オフブロードウェイとは?
おふぶろーどうぇい
オフブロードウェイとは、ニューヨークでブロードウェイよりも小規模な劇場で上演される演劇・ミュージカルの総称で、実験的・芸術的な作品を多く生み出す演劇シーンのことです。
オフブロードウェイ(Off-Broadway)とは、アメリカ・ニューヨーク市において、大規模商業演劇の代名詞であるブロードウェイ(主にミッドタウン・マンハッタンの大劇場群)とは異なる、より小規模な劇場で行われる演劇・ミュージカルの総称です。座席数はおおよそ100〜499席の劇場が対象とされており、俳優組合(AEA)の契約規模によって正式に区分されています。

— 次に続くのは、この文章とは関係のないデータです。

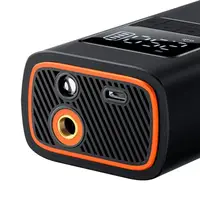 Портативный компрессор для автомобиля Baseus SuperMini Pro Series Wireless Car Inflator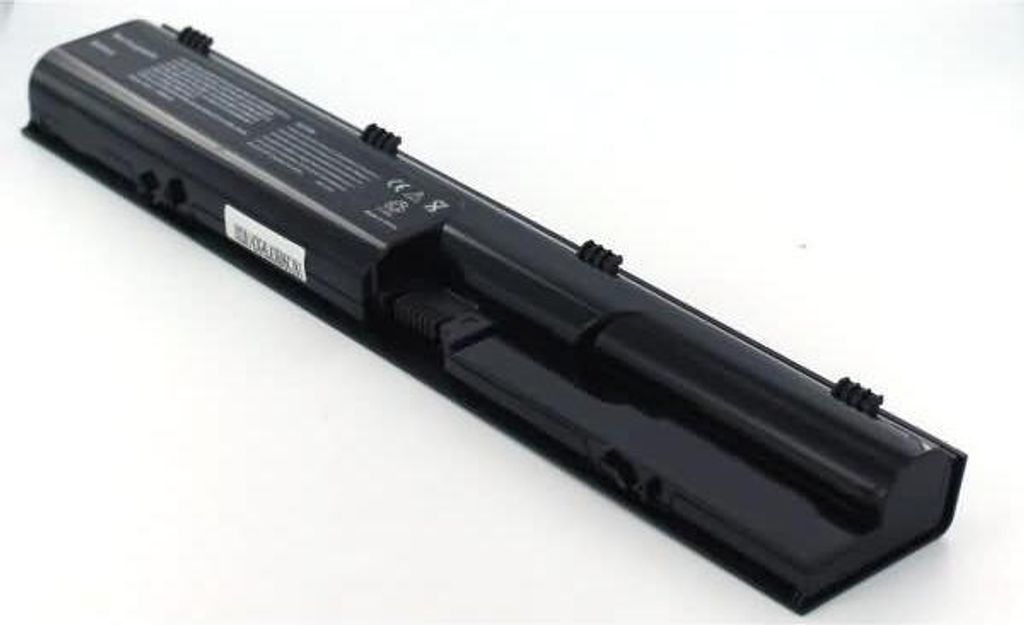Akku für Hewlett-Packard Probook 4530S Li-Ion 10,8 Volt 4400 mAh schwarz.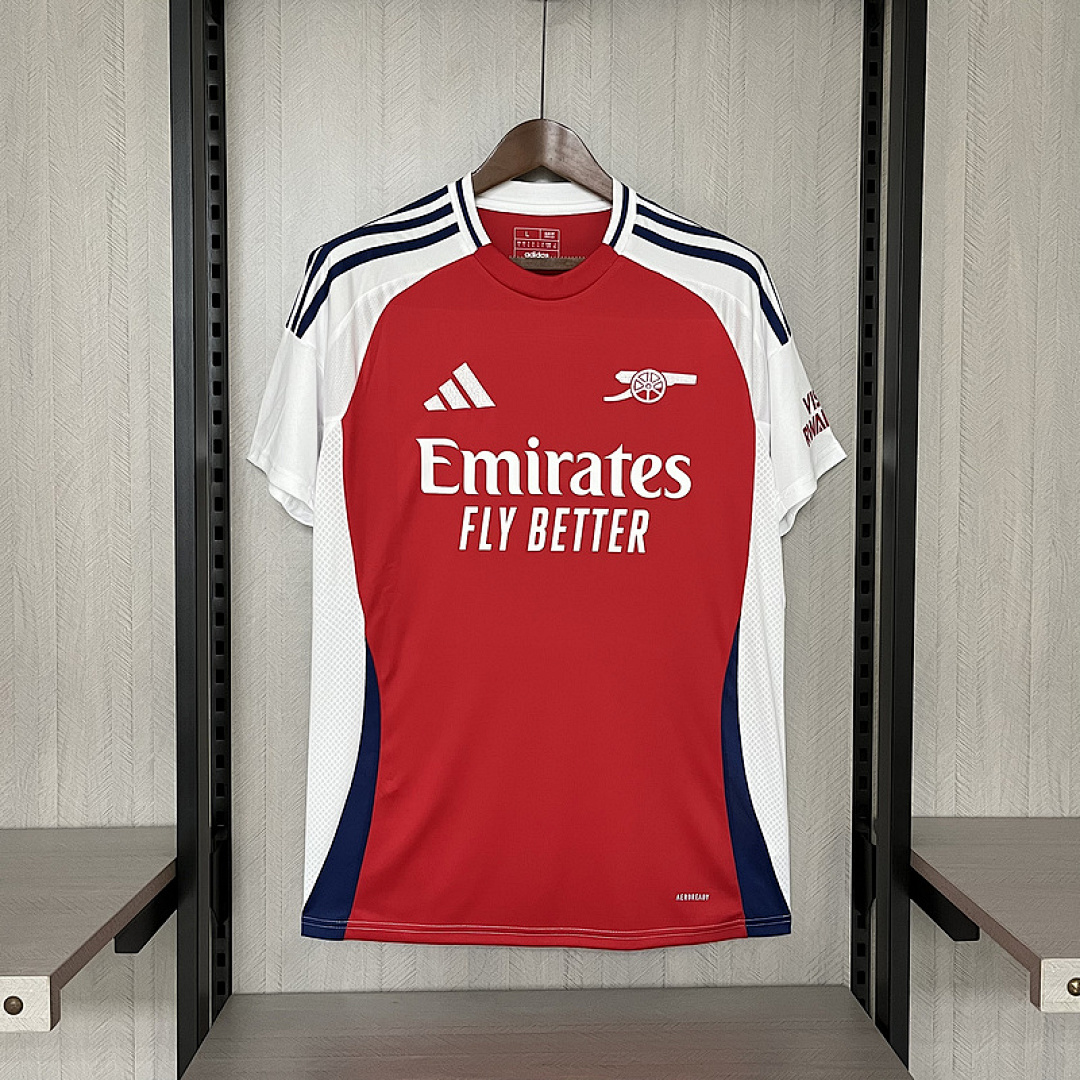 24-25 Arsenal Home S-4XL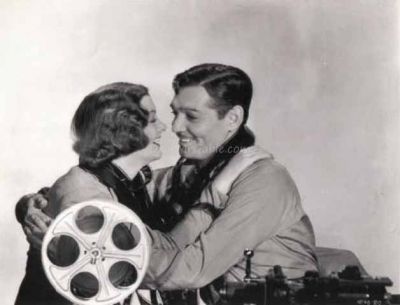 clark gable myrna loy too hot to handle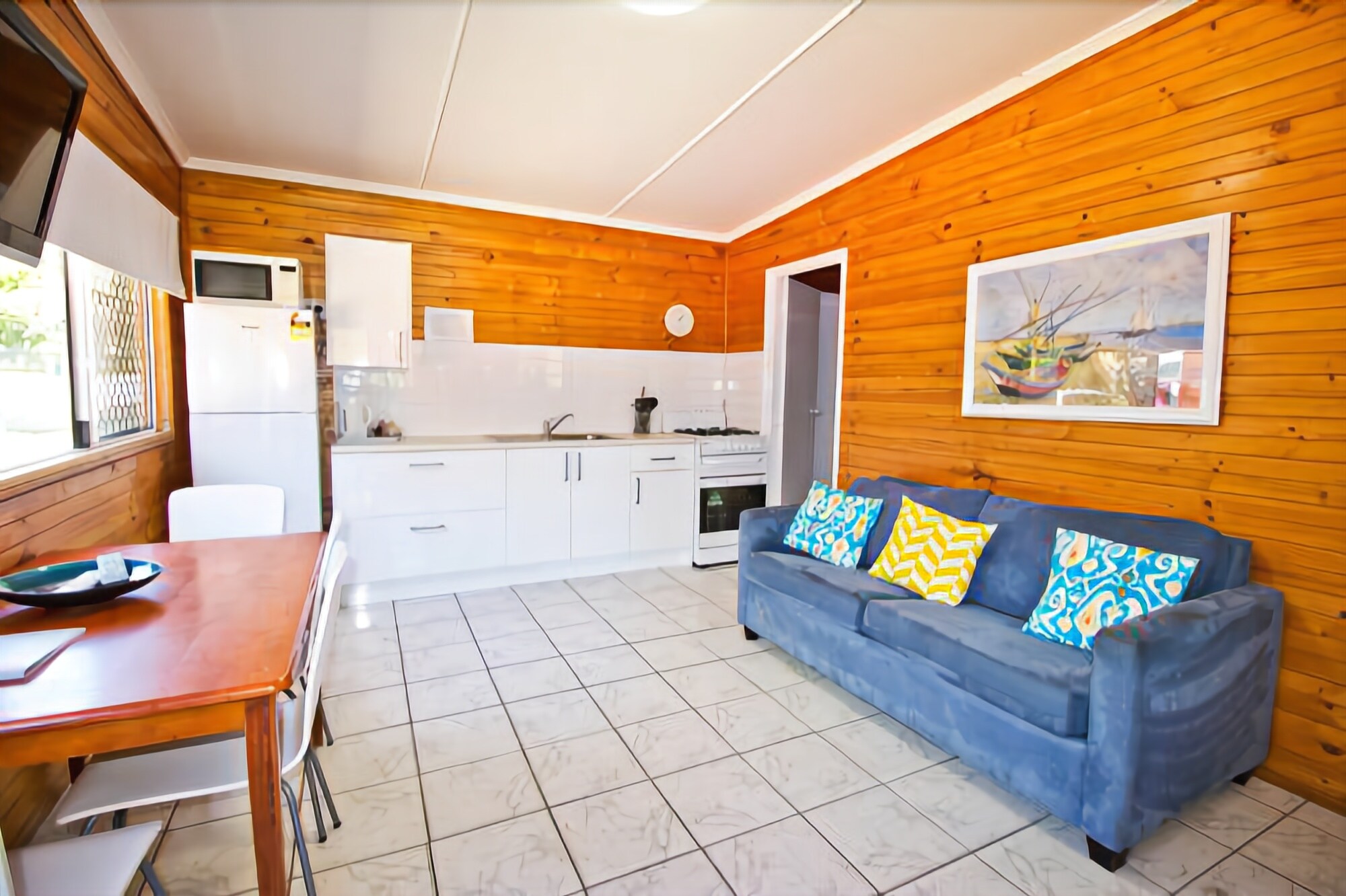 Bargara Gardens Motel & Holiday Villas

オフブロードウェイは1950〜60年代に、商業主義的なブロードウェイに対するオルタナティブとして発展しました。低予算でありながら実験的・芸術的な作品を上演できる場として、多くの才能ある劇作家・演出家・俳優の登竜門となってきました。サミュエル・ベケットの「ゴドーを待ちながら」やエドワード・オールビーの作品など、後世に残る名作がオフブロードウェイで初演されています。
さらに小規模(99席以下)の劇場はオフオフブロードウェイ(Off-Off-Broadway)と呼ばれ、より前衛的・実験的な作品が上演されます。この3層構造(ブロードウェイ→オフブロードウェイ→オフオフブロードウェイ)がニューヨーク演劇シーンの多様性を支えています。
オフブロードウェイの特徴は以下のとおりです。
- ブロードウェイより低い制作コストで多様なテーマに挑戦できる
- 新人演出家・劇作家の登竜門になっている
- 実験的・社会的メッセージ性の高い作品が多い
- ヒット作がブロードウェイに移転するケースもある
使い方・例文
「あの作品はオフブロードウェイで好評を博した後、ブロードウェイに進出して長期ロングランになった」というように、演劇業界の登竜門として語られます。